During the next few weeks, the University of Washington faculty will vote on a requirement that mandates a statement demonstrating concrete action in support of a diversity, equity, and inclusion (DEI) agenda.

This proposed new mandatory statement would be in addition to the current requirement that faculty demonstrate progress in teaching, research, and public service. The faculty code already states that contributions to diversity and equality of opportunity can be cited for supporting promotion;  it is just not required.

Establishing DEI requirements is the current rage among major coastal universities, particularly those in blue-leaning states.  It is highly political, with strong support among many progressives, but with far lesser support among those with more moderate viewpoints. 

 A key issue is the term “equity”, which DEI supporters generally see as meaning equal outcomes for all groups in society.  In contrast, a more moderate, traditional viewpoint generally highlights equality of all individuals, with each given equal rights and opportunities, but no guarantees of success.  In a university with “equity”, preferences are often made for specific groups, such as for admissions or providing special aid and support for certain “underrepresented” populations.   

Requiring that all faculty support a social/political agenda favored by one segment of society not only politicizes the university but represents “compelled speech”, a violation of the First Amendment of the U.S. Constitution.  It is probably illegal.
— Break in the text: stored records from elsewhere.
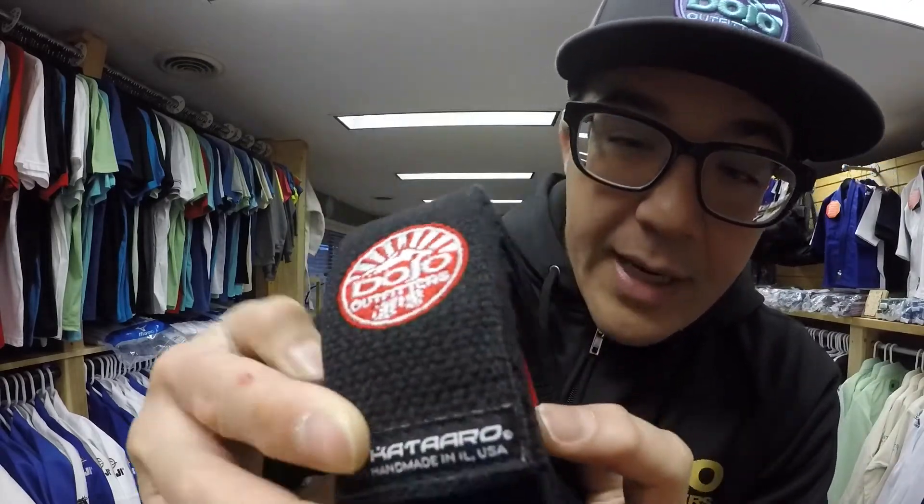We handle a lot of products here at Dojo Outfitters. We've seen hemp belts, pearl weave belts, gi material belts. Kataro offers their unique take with the grappling weave belt, and just kind of showing you the attention to detail on the weave and everything.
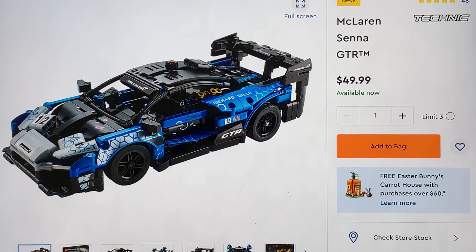Hello everyone, welcome to a special kind of analysis. This was a request by Brick Tech with Nate — another video with his input. He wanted me to cover this set, the Technic McLaren Senna GTR sports car.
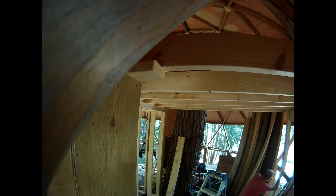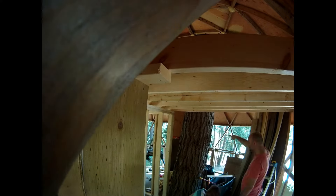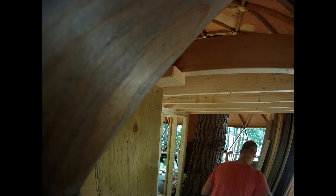On the first floor you can see the layout, and here you can see the other side of the wall.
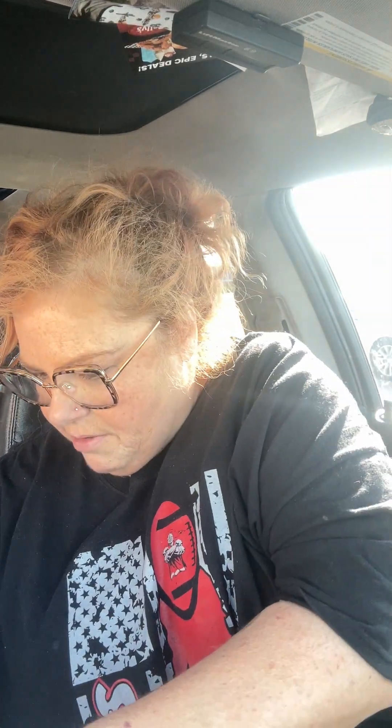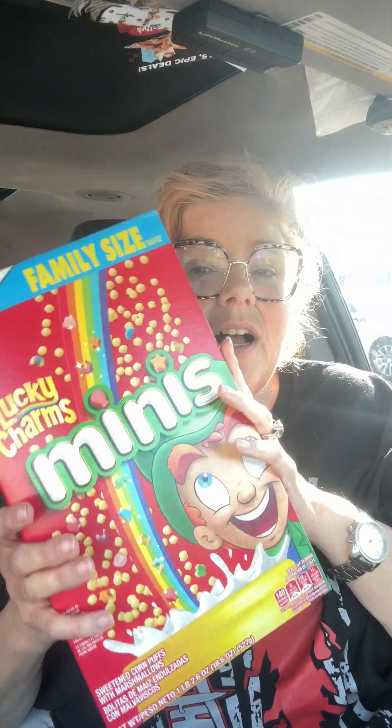That is my Dollar Tree haul today. I told y'all it's not very long, but I wanted to share what I picked up. Let me know, as always, what your favorite item is. I think getting these for such a good price was my favorite — I don't eat these, but my kids love them. This family size box, I bet it'd be six or seven dollars at the store. Thanks for joining me. Like, share, and help my channel grow. I'll talk to you at the next haul. Bye!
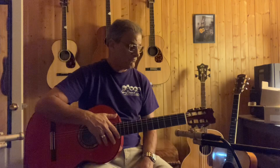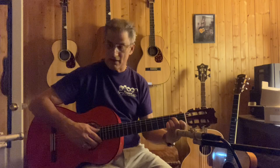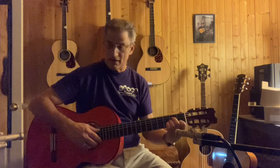Here testing out my Francisco Navarro Conde. This is a concert level guitar. It has a French polish on the top, which makes it custom. I had it custom ordered from Memorial Music in Houston. It's a beautiful guitar.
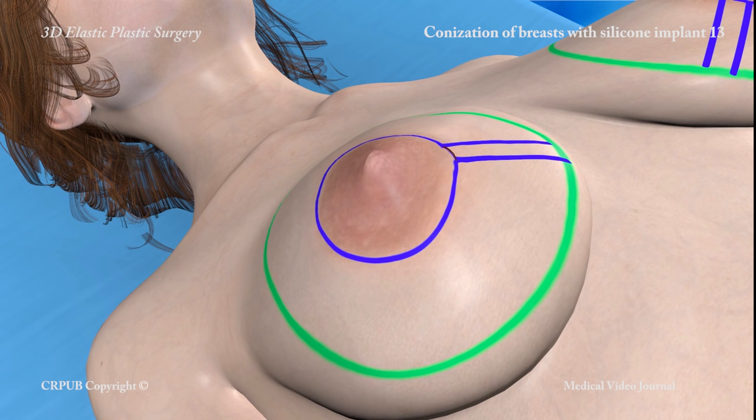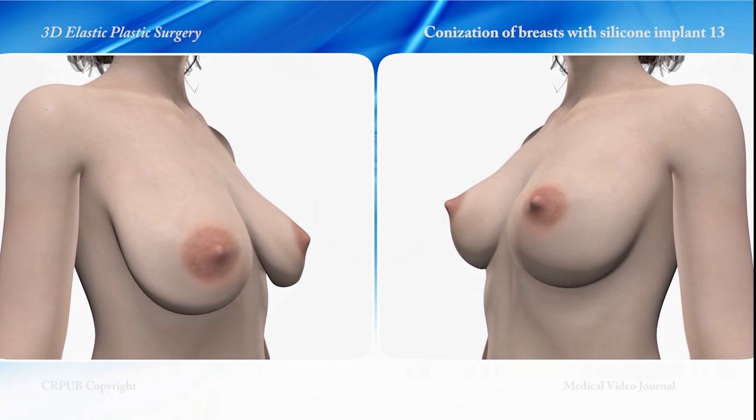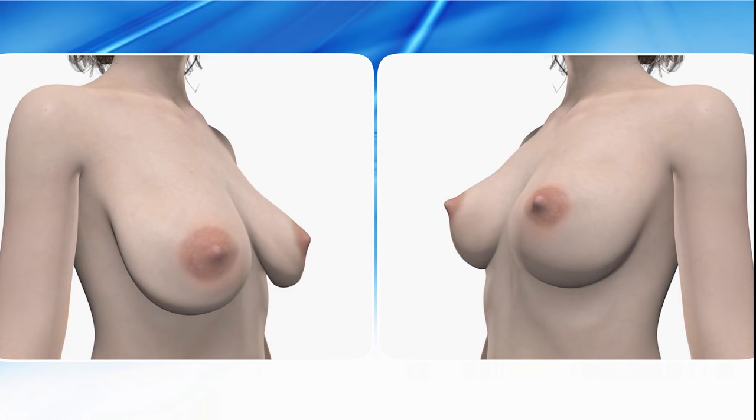By means of a second 5 mm long incision in the axillary column, mastopexy of breasts with silicone implants can also be carried out.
But the situation at the UW is even worse than that.  There is no guidance on what DEI activities would represent acceptable faculty progress:  the decision is left to each department or unit on campus.  This pushes the door of potential abuse wide open.

Although most faculty just want to get on with their research, teaching, and service, there is a vocal minority of faculty and university administrators that are pushing their departments and the university to take on an activist, politicized, progressive agenda.  These individuals, many of them idealistic and well-meaning, wish to mold the world towards their vision of social justice.  And in their self-righteous worldview, it is fine to suppress the viewpoints of others, push out “unbelievers”, and discourage those with different political viewpoints.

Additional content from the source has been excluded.